Già in 172esima posizione su 179 Paesi elencati nella classifica sulla libertà d'informazione stilata da Reporter senza frontiere, il paese rischia di cadere ancora più in basso. Dall'inizio dell'anno sono stati almeno 46 i vietnamiti incarcerati e condannati, contro cui sono state sollevate le accuse di propaganda contro la Repubblica socialista
Se il vero obiettivo del controverso Decreto 72, entrato in vigore il primo settembre in Vietnam, era di tutelare la proprietà intellettuale, come sostiene il governo, il “rimedio” ideato dall’esecutivo si è rivelato peggiore del danno che avrebbe dovuto emendare.
Il messaggio della norma firmata dal primo ministro Nguyen Tan Dung (nella foto) è stato recepito in tutto il mondo come un tentativo di Hanoi di imbavagliare le voci dissidenti e impedire la condivisione di notizie e informazioni su social network e blog. Già in 172esima posizione su 179 Paesi elencati nella classifica sulla libertà d’informazione stilata da Reporter senza frontiere, il Vietnam rischia di cadere ancora più in basso.
Sembra non lasciare spazio alle interpretazioni il passaggio in cui spiega che ai siti personali “è consentito pubblicare soltanto notizie proprie e non quotare, riassumere, aggregare informazioni prese da organi di stampa e siti governativi”. Norme da leggere di pari passo al divieto di diffondere informazioni considerate contro gli interessi vietnamiti o che minaccino la sicurezza nazionale, l’ordine sociale e l’unità del Paese.
La stretta sui blogger e gli attivisti per la democrazia si è intensificata. Dall’inizio dell’anno sono stati almeno 46 i vietnamiti incarcerati e condannati, contro cui sono state sollevate le accuse di propaganda contro la Repubblica socialista, attività per rovesciare il governo, abuso delle libertà democratiche. Secondo le associazioni per la tutela dei diritti umani, la vaghezza dei divieti stabiliti dal Decreto 72 darà modo di intensificare la sorveglianza governativa.
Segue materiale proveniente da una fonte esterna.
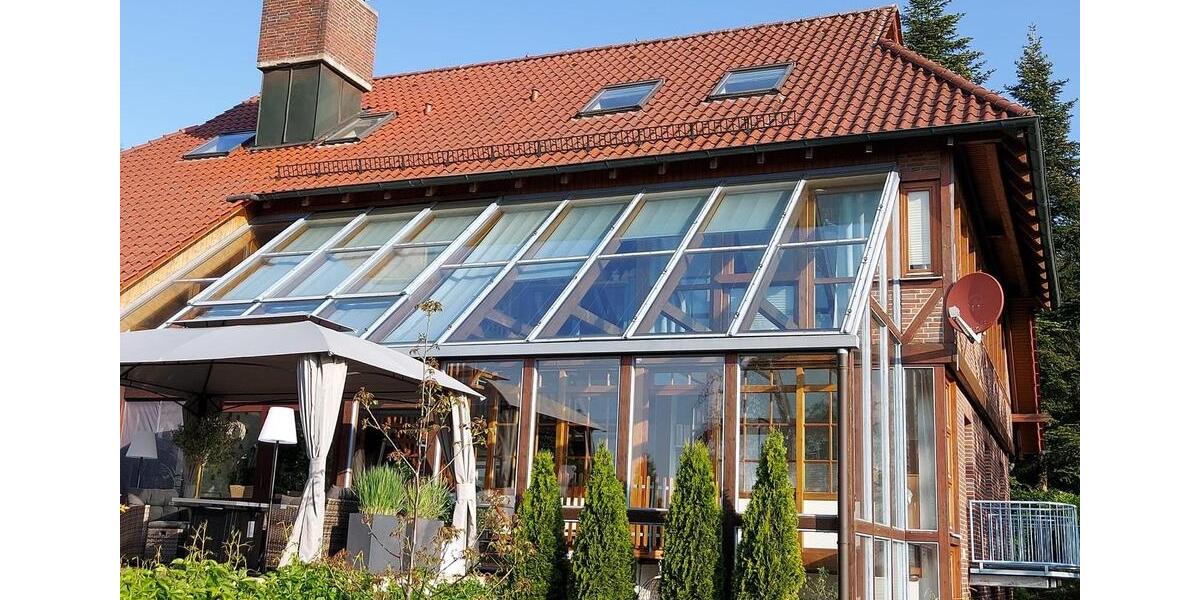 Mehrfamilienhaus, Wohnhaus Hüllhorst - 11 Zimmer, 350 m&sup2;, 599.000&euro; | Angebot:25806871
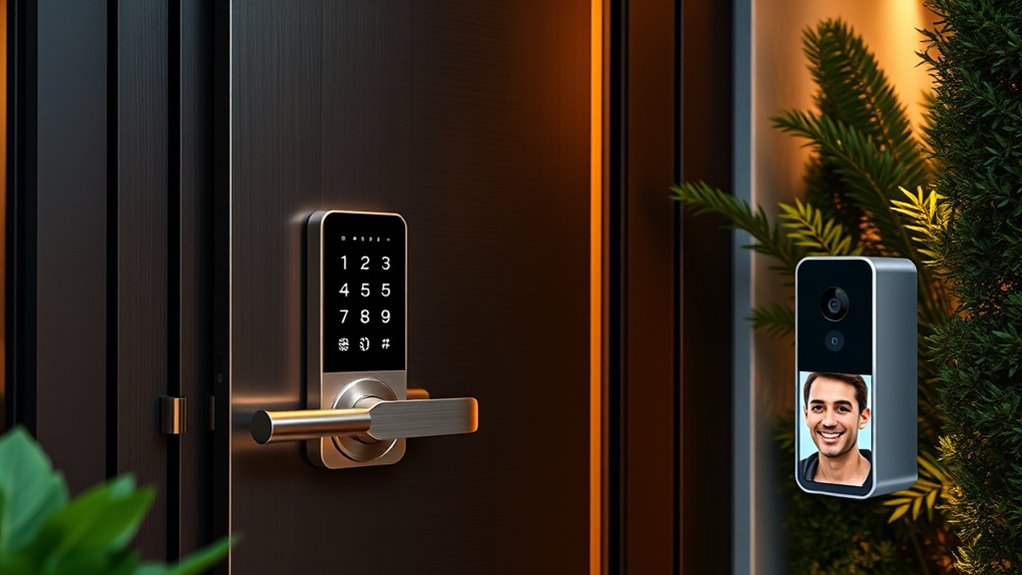 security compatibility visibility reliability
Al contrario, replica il governo, serviranno a porre le basi per lo sviluppo di internet nel Paese e tutelare la proprietà intellettuale e il diritto d’autore. Una motivazione che sembra non avere tutti i torti. Come spiega il sito Tech in Asia, la stesura del decreto ha origine dalla vicenda che all’inizio dell’anno ha visto il quotidiano locale PetroTimes citare in giudizio l’aggregatore Bao Moi per aver attinto a centinaia di notizie riportate poi sul sito. Sotto alcuni aspetti, il caso del Decreto 72 rientra in quella che per l’Asia Sentinel è la ricerca di Hanoi di conciliare le leggi e le norme che regolano lo sviluppo della propria economia che va più verso la direzione del mercato, con l’aderenza ideologica ai principi socialisti che garantiscono il ruolo predominante del Partito unico al governo.
Questo in un contesto in cui un terzo della popolazione va già su internet, con il governo intenzionato a portare online anche il restante 60 – 70 per cento e mentre nel Paese cresce lo scontento per la corruzione e si amplia il dibattito sulle riforme politiche e su quale sistema possa rimpiazzare il vecchio ordine vietnamita.
La decisione di emendare la Costituzione, almeno nelle parti che riguardano la gestione dell’economia statalista ha portato a richieste di cambiamenti nella direzione di un sistema multipartitico. Nelle ultime settimane ha attirato l’attenzione della stampa la nascita di un nuovo Partito socialdemocratico, intenzionato ad agire nella legalità e cui, dicono le cronache, avrebbero aderito anche numerosi membri del Partito comunista.
Che qualcosa debba cambiare nelle stanze del potere ad Hanoi lo si è capito lo scorso giugno, quando per la prima volta il primo ministro e il suo governo si sono sottoposti al giudizio dell’Assemblea nazionale, il Parlamento vietnamita, con i 500 delegati che dovevano assegnare loro un voto di fiducia alta, media o bassa. Nel complesso l’esecutivo è uscito promosso, ma diversi esponenti del governo hanno ricevuto un voto basso, un terzo del totale.